The restaurant is up a rutted track through their organic farm. Being on a headland, they have wind-breaks everywhere to help with growing all the produce they use in the restaurant. I’m guessing they have had lots of chats with Joy Larkom, the famous vegetable gardening writer who moved down to the same area in the past few years to retire. She has written several articles since on her wind-break efforts.

The house is beautiful. Looks old and stonewashed but you realise pretty quickly that it is a modern house with (as Hilda put it herself) “not a straight line in the building). The welcome was really friendly with Otto himself taking the order. I noticed a copy of the Bridgestone Guide on the coffee table in the waiting area. I don’t think they should leave it there. The review of their restaurant is the greatest pile of “right-on” horseshite I have read in years. At least they did actually mention the food towards the end.

They encourage people to bring their own wine and they don’t charge corkage - how many other places do that? I guessed they might have a few organic wines available so we didn’t bring any. They had a very short list of cheap (€20) organic and bio-dynamic ones. We went with bio-dynamic Riesling and it was fabulous (both bottles :-)).

On to the menu. Exactly the kind of thing I was expecting - good simple dishes made with their own produce. Lots of salads in the starters and then steaks, pork, fish, offal in the mains. I’d have been happy to eat anything on the menu.

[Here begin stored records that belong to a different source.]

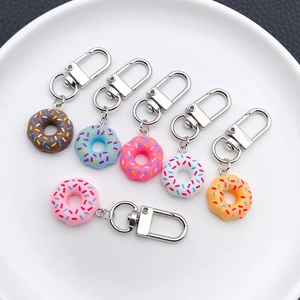Lot de six porte-clés donuts colorés dans un plat blanc sur fond de cuir noir élégant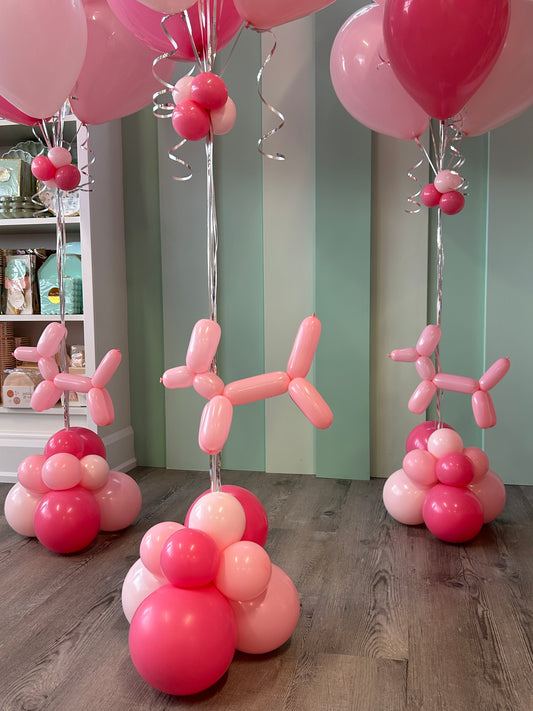 Close-up of pink balloon dog detail attached to a blush and hot pink helium balloon bundle base in Toronto.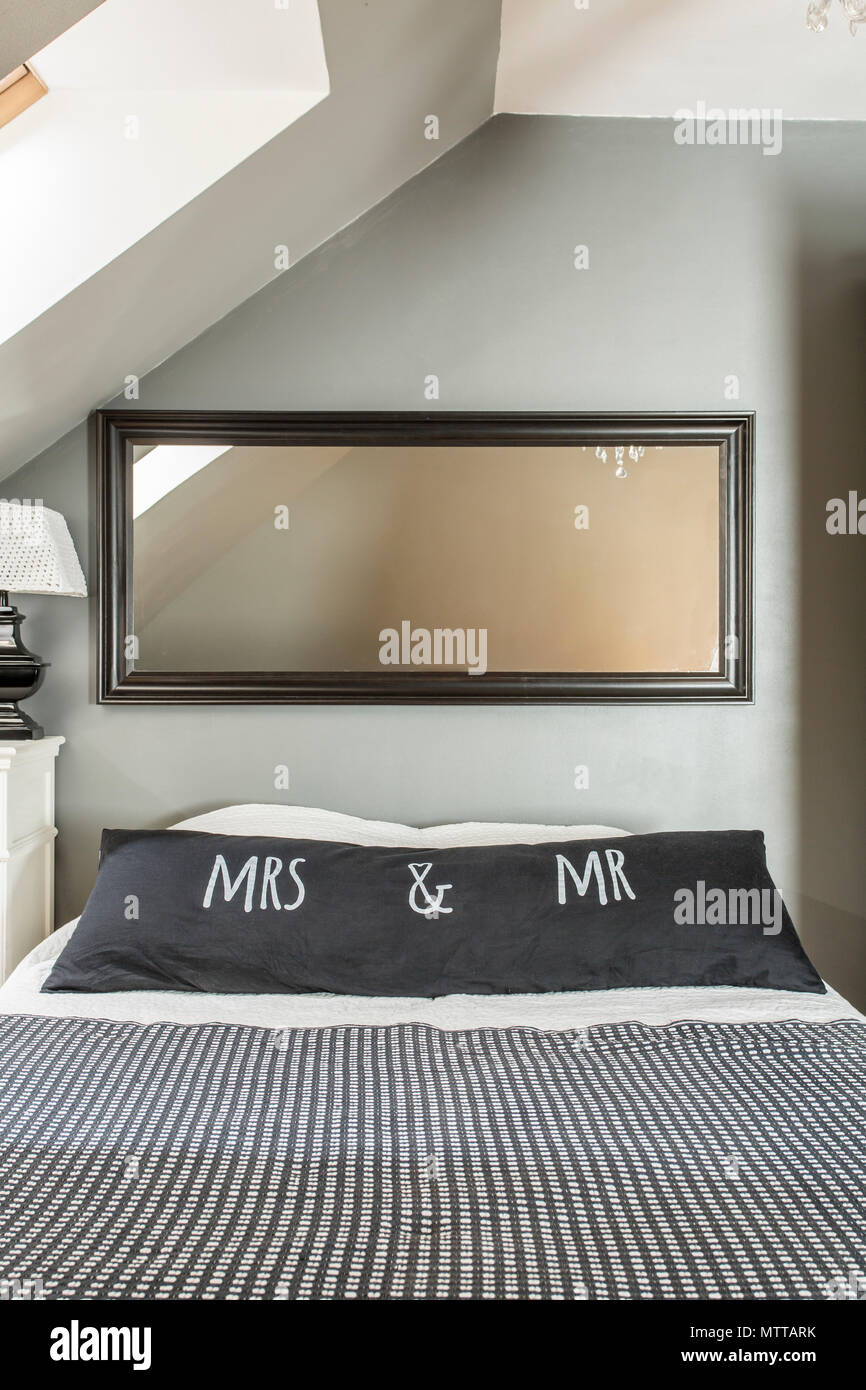 Nuova camera mansardata con specchio, grande letto, decorativo in bianco e nero la biancheria per il letto e i cuscini Foto Stock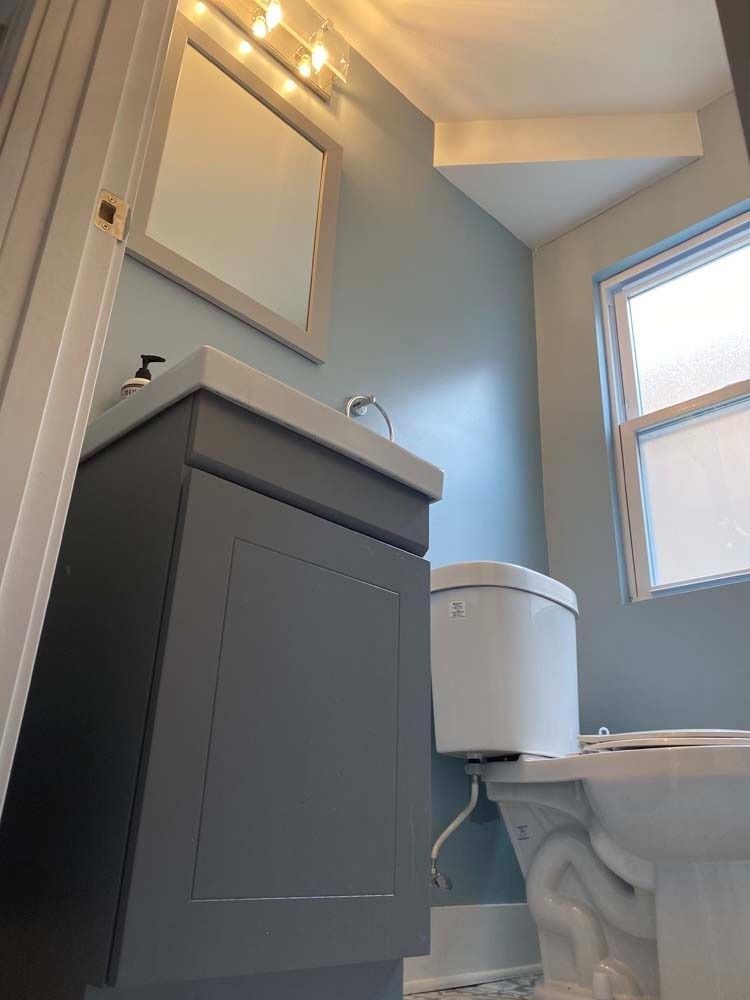 A small bathroom with a blue wall, gray vanity, toilet, mirror, and a window.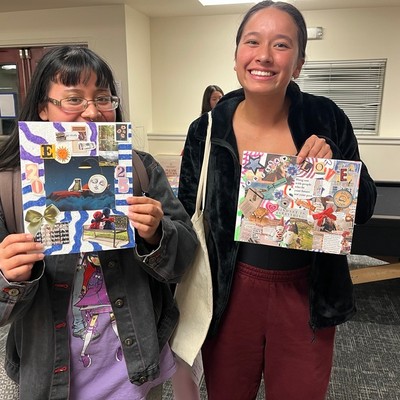 Two students holding up their boards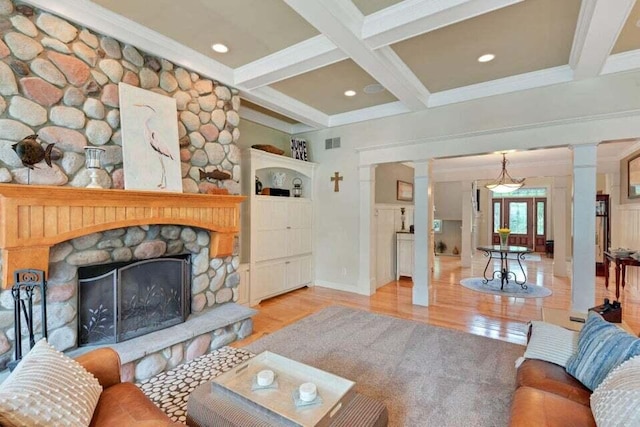 living room featuring coffered ceiling, decorative columns, wood finished floors, visible vents, and beamed ceiling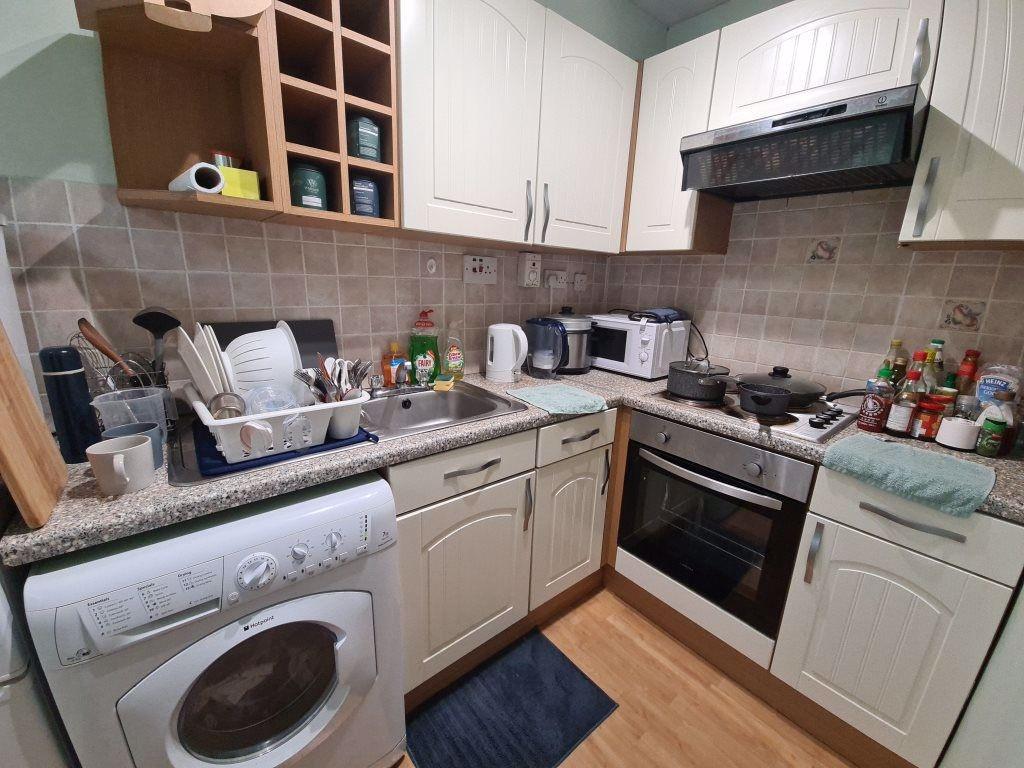 A compact kitchen area with white cabinetry, a ...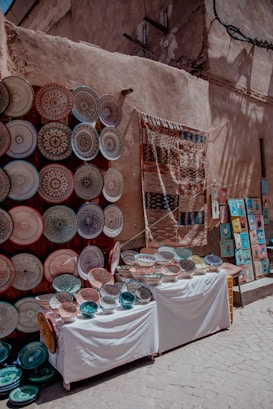 A vibrant street market display featuring an array of intricately designed ceramic plates and bowls arranged on two tables. To the left, numerous plates are mounted on a wall, showcasing various colorful patterns. A woven textile hangs next to them, and to the right, small framed artworks are visible on the ground.
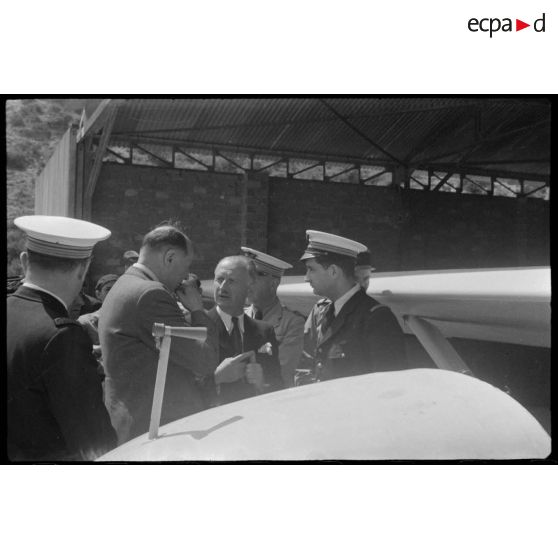 Lors de sa  visite du centre de vol à voile (sans moteur) du djebel Diss en compagnie du colonel de Brion, Fernand Grenier, commissaire à l'Air, s'entretient avec des personnels.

For starters Catherine had a smoked Gubbeen salad and I had a selection of salamis made from their own animals in the Gubbeen smokehouse. As I said at the start, words fail me in trying to describe how fabulous these dishes were. Every single mouthful was an explosion of different intense flavours. The salami was the best I have ever tasted (beating Gubbeen’s own offerings in Urru). The salads and the dressing should win awards for perfection. Hilda said we could lick our plates if we liked. I pretty much did that by mopping up every single dribble on the plate with the bread. There is simply no comparison between the quality and flavour of their ingredients straight from the garden and the sort of chlorine-doused salad we now all buy in a supermarket.

We were worried initially that we were going to be the only diners for the night but there was only one free table by the end. The only slightly grating note was the preponderance of Dublin accents (including our own mangled Cork-Cavan-Kilkenny-Wicklow-Meath-Dublin accents).

Catherine skipped the soup course but I had the consommé. I was half-expecting it to be pretty insipid like every other one I have ever had. But this thing had a taste kick like the bullock it came from. Wow. I heard them tell another table that it takes four days to make. I’m not surprised.

Whilst waiting for the mains, I noticed the lovely vine-like plant which covered the entire ceiling of the dining area, which we now realised was a conservatory. Then my eyes refocused across the room - “oh my god, there are grapes hanging from those vines”. Without a doubt the coolest thing I have ever seen in a restaurant. We had some of them later in our dessert.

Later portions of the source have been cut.